• [Working data]:
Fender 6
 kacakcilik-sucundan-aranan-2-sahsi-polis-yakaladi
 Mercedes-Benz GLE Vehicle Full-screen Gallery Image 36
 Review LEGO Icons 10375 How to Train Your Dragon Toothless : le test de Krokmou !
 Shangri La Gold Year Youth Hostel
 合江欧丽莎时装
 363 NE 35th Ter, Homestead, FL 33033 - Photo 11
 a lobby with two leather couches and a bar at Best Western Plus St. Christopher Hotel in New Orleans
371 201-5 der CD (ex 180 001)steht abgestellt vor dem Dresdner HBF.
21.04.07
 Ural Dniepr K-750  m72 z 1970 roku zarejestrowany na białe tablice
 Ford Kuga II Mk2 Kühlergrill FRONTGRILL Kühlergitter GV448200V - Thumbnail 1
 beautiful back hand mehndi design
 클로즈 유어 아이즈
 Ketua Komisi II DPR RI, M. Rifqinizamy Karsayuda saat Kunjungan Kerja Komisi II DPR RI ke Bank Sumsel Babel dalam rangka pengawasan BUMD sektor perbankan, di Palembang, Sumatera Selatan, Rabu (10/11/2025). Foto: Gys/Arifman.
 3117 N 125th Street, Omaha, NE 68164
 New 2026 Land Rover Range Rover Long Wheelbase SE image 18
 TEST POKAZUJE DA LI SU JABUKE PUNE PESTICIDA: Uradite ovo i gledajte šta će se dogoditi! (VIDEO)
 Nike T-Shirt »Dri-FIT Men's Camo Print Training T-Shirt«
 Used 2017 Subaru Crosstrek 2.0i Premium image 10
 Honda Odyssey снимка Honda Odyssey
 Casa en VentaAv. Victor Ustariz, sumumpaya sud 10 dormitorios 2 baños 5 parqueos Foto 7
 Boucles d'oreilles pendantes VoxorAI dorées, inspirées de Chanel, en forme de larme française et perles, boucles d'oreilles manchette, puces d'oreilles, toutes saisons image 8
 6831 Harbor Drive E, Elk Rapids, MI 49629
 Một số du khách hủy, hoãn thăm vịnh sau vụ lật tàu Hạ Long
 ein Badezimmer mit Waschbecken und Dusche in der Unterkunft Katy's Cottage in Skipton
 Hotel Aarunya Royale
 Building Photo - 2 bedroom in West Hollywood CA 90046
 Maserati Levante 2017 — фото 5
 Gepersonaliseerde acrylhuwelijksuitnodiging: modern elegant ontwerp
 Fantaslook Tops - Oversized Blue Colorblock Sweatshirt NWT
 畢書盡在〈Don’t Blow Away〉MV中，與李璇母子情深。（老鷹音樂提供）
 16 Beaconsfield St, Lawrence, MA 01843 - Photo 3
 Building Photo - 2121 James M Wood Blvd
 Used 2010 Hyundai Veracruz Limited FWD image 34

• [Exercise brief]:
Of all the entries above, output exactly the lines between the one holding "a lobby with" and the one holding "Ural Dniepr K-750", inclusive.

• [Response]:
 a lobby with two leather couches and a bar at Best Western Plus St. Christopher Hotel in New Orleans
371 201-5 der CD (ex 180 001)steht abgestellt vor dem Dresdner HBF.
21.04.07
 Ural Dniepr K-750  m72 z 1970 roku zarejestrowany na białe tablice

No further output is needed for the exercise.